### Action item
Because the entries hold pictures, reproduce only their words, exactly as written.

Items from a dataset

-- -- --

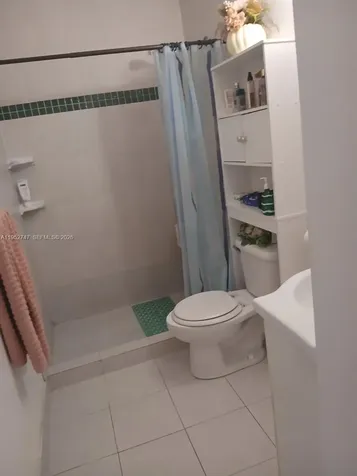7854 W 10th Avenue Hialeah FL 33014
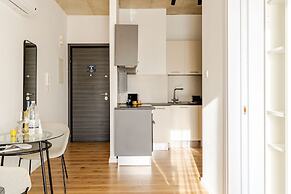 Yamas Urban Living Platinum Key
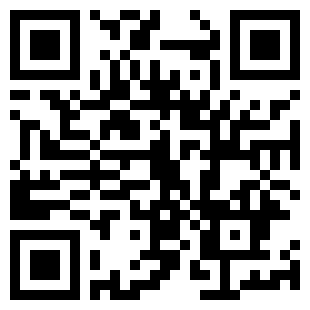 扫码下载英雄小队无伤版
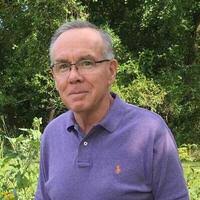 Charles Taff's Instagram, Twitter & Facebook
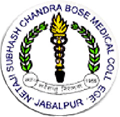 Netaji Subash Chandra Bose Medical College, Jabalpur, Madhya Pradesh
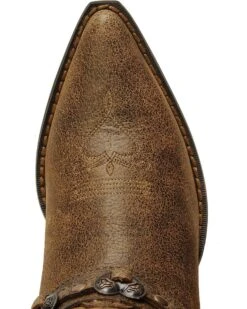 Durango Women's Crush Western Boots -Ariat || Corral || Dan Post Store 045D37 41 TP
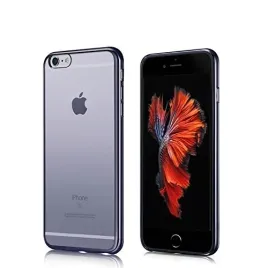 etui-przezroczyste-do-apple-iphone-6-6s-obudowa-space-grey-case-plecki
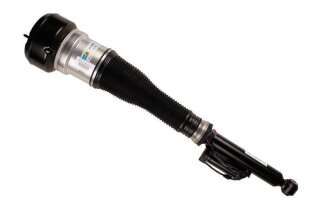 BILSTEIN - B4 Airmatic Luftfederbeinmodul Hinterachse rechts für MERCEDES-BENZ S-Klasse (W221) S 350 BlueTec (221.026, 221.126) / 44-109486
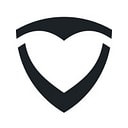 Peregrine Technologies logo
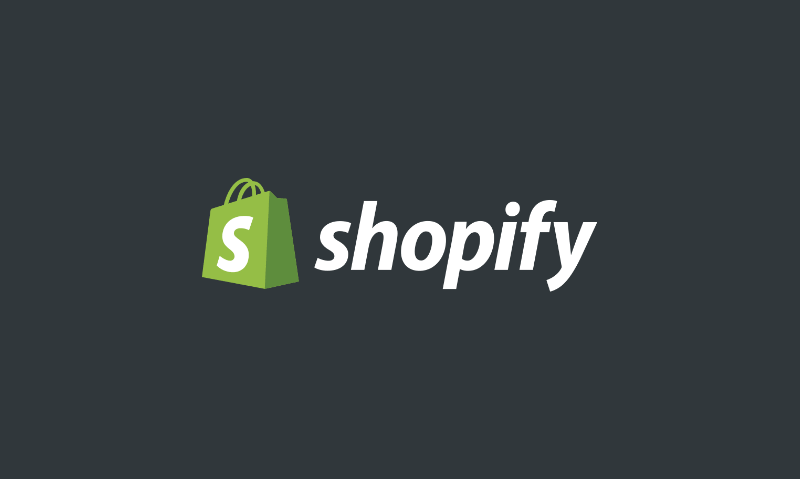 Shopify一件代发教程指南：1688、AliExpress代发货平台推荐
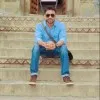 Nitish Zaveri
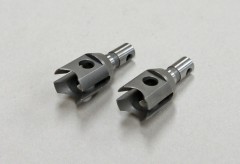 無限精機mbx8 ダンパーセット 31235084_1768984073214144_7321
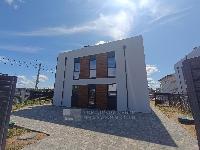 Дом 149.0  м2, Истра г.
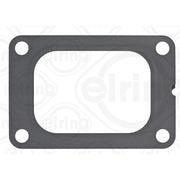Elring Charger Gasket Wide High 145.730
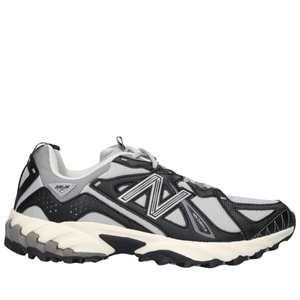 New balance 610v1 sneakers jr+sr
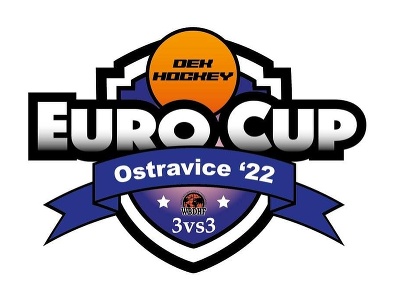 Logo Euro Cupu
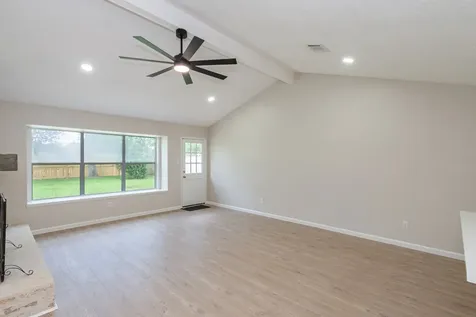16911 Bougainvilla Lane Friendswood TX 77546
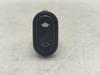Interruptor motor elevalunas delantero derecho 95BG14529AB FORD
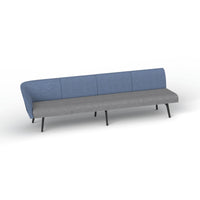 Willow Lounge - Configuration 8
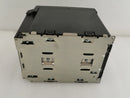 6SE6440-2AD24-0BA0 Siemens Frequency Converter
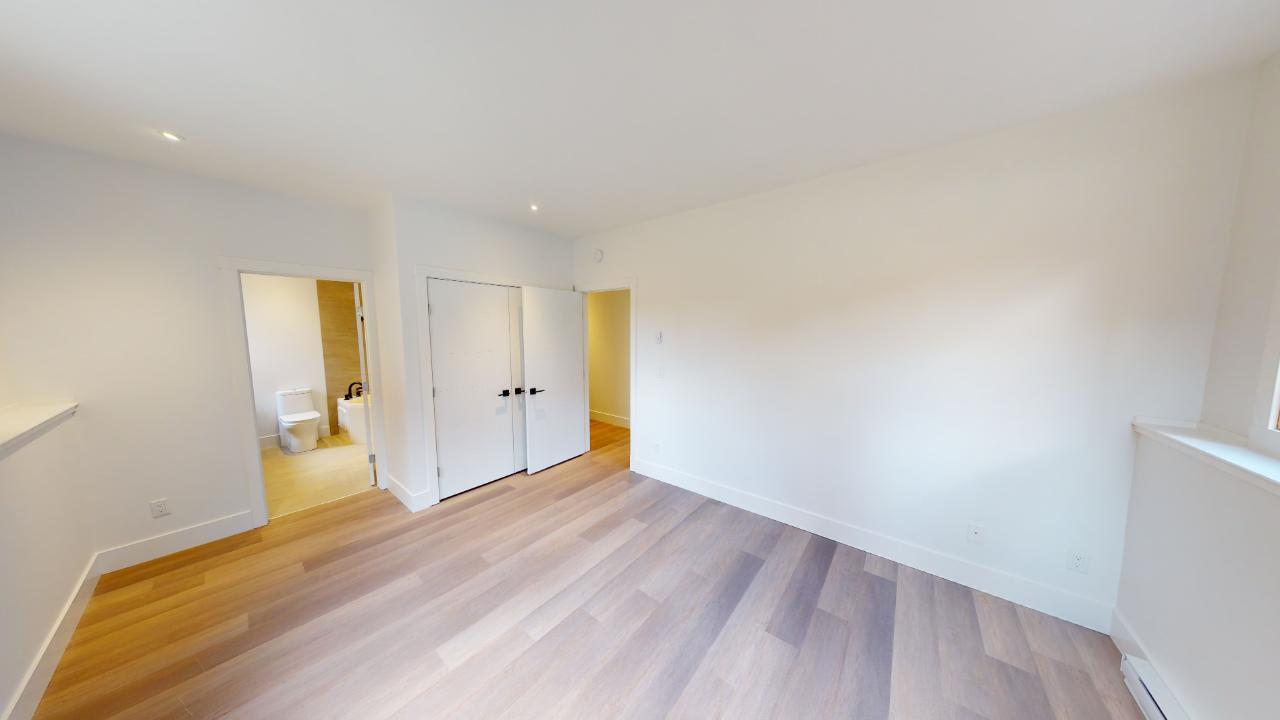 401 - 7291 Prospector Avenue, Radium Hot Springs, British Columbia  V0A 1M0 - Photo 16 - 2470883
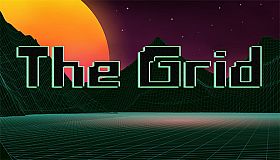 The Grid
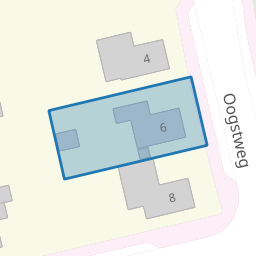 Perceel HLN01-G-6293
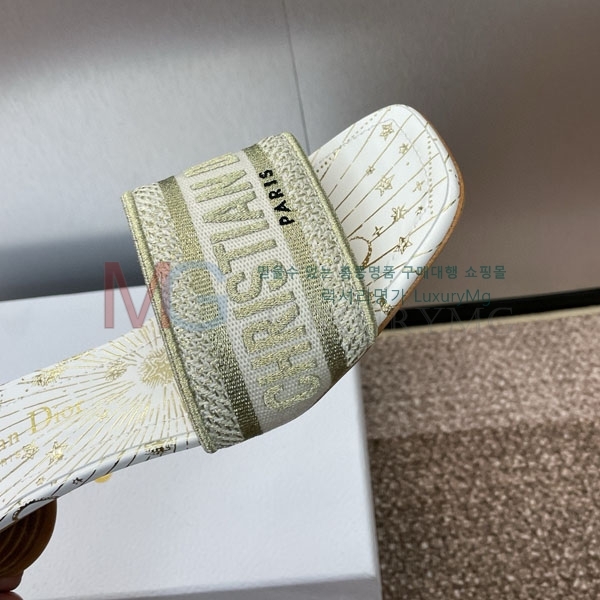 ��� ������ ���� DR911233-2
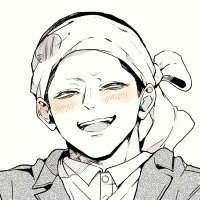 ใใ (@htrunrun_0) 's Twitter Profile Photo ใใ (@htrunrun_0) 's Twitter Profile Photo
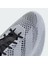 Climacool Erkek Günlük Spor Ayakkabı 8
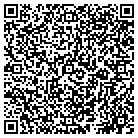 QR code with Blue Mountain Shell contacts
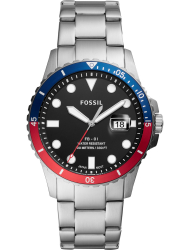 Наручные часы Fossil FS5657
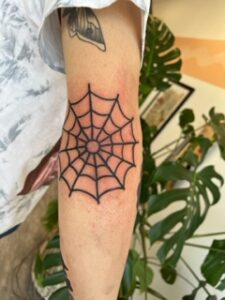 IMG_6167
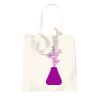 Canvas classic shopper Thumbnail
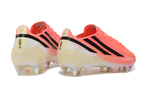 Adidas F50 Hyperfast Elite SG - Estilo 9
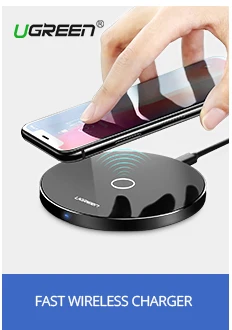 Ugreen USB Type C Cable for Samsung Galaxy S9 S8 Fast Charging Data Cable for Huawei Mate 20 Pro Mobile Phone Charger Cord USB-C - Ugreen Type C Nokia Samsung Yes Reversible Mobile Phone Cable USB Cable USB C USB Type C Cable USB C Cable USB Cord Type-C Cable USB-C USB Charge Charging Cable Type C Cable 1m 2m 3m USB Cable for Samsung Galaxy S9 Note 8 S8 Plus LG V30 G6 G5 V20 Charging Cable for Nintendo Switch Macbook Google Pixel Type C Cable for Xiaomi Mi6 Mi5C Mi 5X Mi Max 2 Redmi Pro 5V2.4A Type-C Cable US174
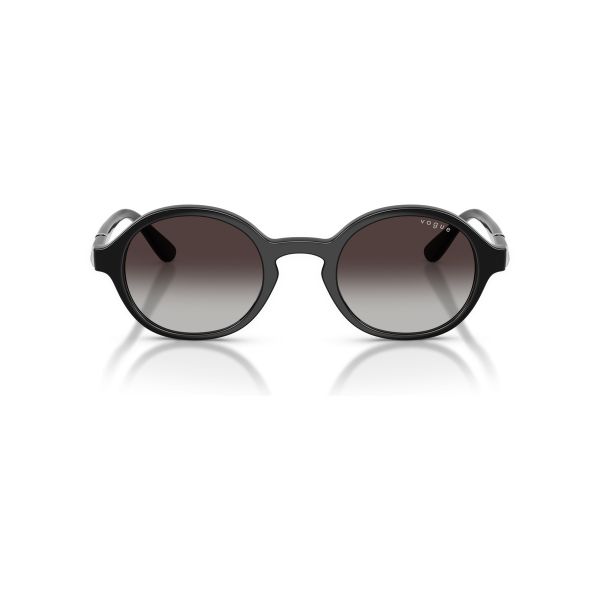 Vogue Eyewear VO5692S Sunglasses VO5692S W44-8G 46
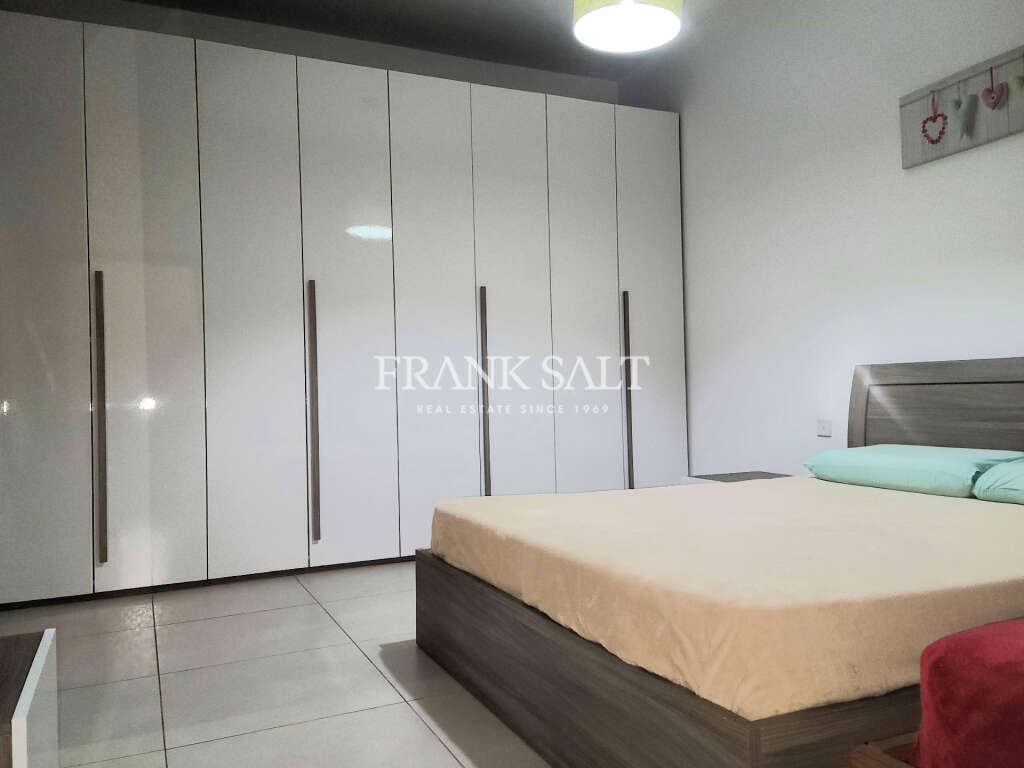 3 Bed, ApartmentFor Sale, Mellieha, Malta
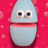 POCOYO776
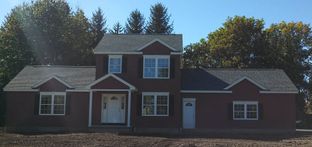 Cornerstone Services Group, Inc. por Cornerstone Services Group, Inc. en Buffalo-Niagara Falls New York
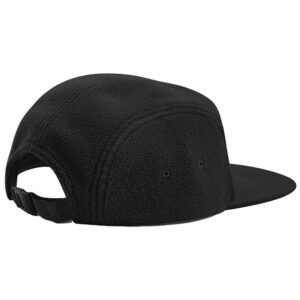 Beechfield Recycled Fleece Outdoor Camper Cap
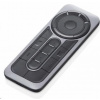 Wacom Express Key diaľkový ovládač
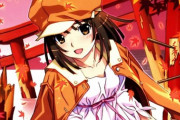 【悲報】オタクさん、TikTokで恋愛サーキュレーションが流行りだした事にブチギレ　「名曲を汚すなぁ！」ｗｗｗｗｗｗｗｗｗｗ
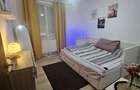 Inchiriez apartament central 2 camere - 4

-- -- --

### Result of the exercise
7854 W 10th Avenue Hialeah FL 33014
 Yamas Urban Living Platinum Key
 扫码下载英雄小队无伤版
 Charles Taff's Instagram, Twitter & Facebook
 Netaji Subash Chandra Bose Medical College, Jabalpur, Madhya Pradesh
 Durango Women's Crush Western Boots -Ariat || Corral || Dan Post Store 045D37 41 TP
 etui-przezroczyste-do-apple-iphone-6-6s-obudowa-space-grey-case-plecki
 BILSTEIN - B4 Airmatic Luftfederbeinmodul Hinterachse rechts für MERCEDES-BENZ S-Klasse (W221) S 350 BlueTec (221.026, 221.126) / 44-109486
 Peregrine Technologies logo
 Shopify一件代发教程指南：1688、AliExpress代发货平台推荐
 Nitish Zaveri
 無限精機mbx8 ダンパーセット 31235084_1768984073214144_7321
 Дом 149.0  м2, Истра г.
Elring Charger Gasket Wide High 145.730
 New balance 610v1 sneakers jr+sr
 Logo Euro Cupu
16911 Bougainvilla Lane Friendswood TX 77546
Interruptor motor elevalunas delantero derecho 95BG14529AB FORD
 Willow Lounge - Configuration 8
 6SE6440-2AD24-0BA0 Siemens Frequency Converter
 401 - 7291 Prospector Avenue, Radium Hot Springs, British Columbia  V0A 1M0 - Photo 16 - 2470883
 The Grid
 Perceel HLN01-G-6293
 ��� ������ ���� DR911233-2
 ใใ (@htrunrun_0) 's Twitter Profile Photo ใใ (@htrunrun_0) 's Twitter Profile Photo
 Climacool Erkek Günlük Spor Ayakkabı 8
 QR code with Blue Mountain Shell contacts
 Наручные часы Fossil FS5657
 IMG_6167
 Canvas classic shopper Thumbnail
 Adidas F50 Hyperfast Elite SG - Estilo 9
 Ugreen USB Type C Cable for Samsung Galaxy S9 S8 Fast Charging Data Cable for Huawei Mate 20 Pro Mobile Phone Charger Cord USB-C - Ugreen Type C Nokia Samsung Yes Reversible Mobile Phone Cable USB Cable USB C USB Type C Cable USB C Cable USB Cord Type-C Cable USB-C USB Charge Charging Cable Type C Cable 1m 2m 3m USB Cable for Samsung Galaxy S9 Note 8 S8 Plus LG V30 G6 G5 V20 Charging Cable for Nintendo Switch Macbook Google Pixel Type C Cable for Xiaomi Mi6 Mi5C Mi 5X Mi Max 2 Redmi Pro 5V2.4A Type-C Cable US174
 Vogue Eyewear VO5692S Sunglasses VO5692S W44-8G 46
 3 Bed, ApartmentFor Sale, Mellieha, Malta
 POCOYO776
 Cornerstone Services Group, Inc. por Cornerstone Services Group, Inc. en Buffalo-Niagara Falls New York
 Beechfield Recycled Fleece Outdoor Camper Cap
 Wacom Express Key diaľkový ovládač
 【悲報】オタクさん、TikTokで恋愛サーキュレーションが流行りだした事にブチギレ　「名曲を汚すなぁ！」ｗｗｗｗｗｗｗｗｗｗ
 Inchiriez apartament central 2 camere - 4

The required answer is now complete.